AuthorEditorial Team
Published
February 23, 2026/08:59 AM
Section
City
Inside Golden Gate Park’s Commission Vault Museum, a steel room preserving 130 years of park history

A museum built into a former cash vault

A new micro-museum inside Golden Gate Park is turning a long-used administrative space into a public-facing archive of San Francisco’s park system. The Commission Vault Museum occupies a steel vault at McLaren Lodge, the San Francisco Recreation and Park Department’s headquarters at the eastern edge of the park. The building, completed in 1896 as the residence and workplace of park superintendent John McLaren, remains a central hub for park administration today.

The museum’s footprint is unusually small: a roughly 6-by-10-foot room with a capacity of about five visitors at a time. The space was originally designed for secure storage, including concession cash receipts, and has been repurposed into a compact exhibit gallery that requires reservations and coordination with adjacent meeting-room availability.

How the collection surfaced and what it contains

The exhibit developed from historical materials that had been stored for decades in filing cabinets, drawers and boxes associated with the Recreation and Park Commission’s records. The project began as an effort to digitize documents and preserve fragile paper items. During that work, staff identified materials that warranted public display, including late-19th-century event advertisements and other ephemera tied to park life.

The display was assembled by Recreation and Park Commission liaison Ashley Summers and department historian-in-residence Christopher Pollock. The project budget was kept below $10,000, relying on in-house city labor for installation work and outside construction for display cases.

  • Approximately 125 objects and images presented as a decade-by-decade timeline
  • Tickets, brochures and postcards tied to public programming and recreation
  • Historic sports photographs, including games played at Kezar Stadium and Candlestick Park
  • Selected artifacts such as an early Playground Commission-era sign and historic photographs, including imagery from around 1900

A timeline that tracks the city’s park buildout

Organized by decade, the exhibit’s timeline begins in the mid-19th century and charts the growth of the park system. It includes park counts at the close of each decade, documenting an expansion from 14 parks in 1860 to 230 parks by 2025. The exhibit also highlights the administrative evolution that shaped recreation and open space in San Francisco, including early playground governance and the later consolidation of city recreation and park oversight into today’s structure.
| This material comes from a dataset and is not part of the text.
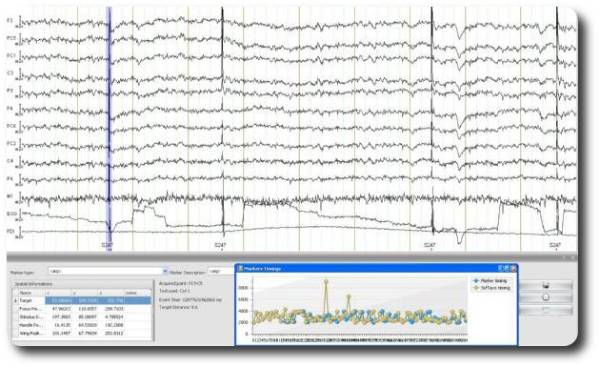 eeg_example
Access, limitations, and near-term facility needs

The museum had a quiet opening in December 2025 and has operated without standard public hours, reflecting both the room’s small capacity and the logistical constraints of entering through a working government facility. In the same period, the McLaren Lodge meeting room used to access the vault was identified for repairs related to water damage, underscoring the challenges of maintaining historic civic buildings while expanding public access to collections housed inside them.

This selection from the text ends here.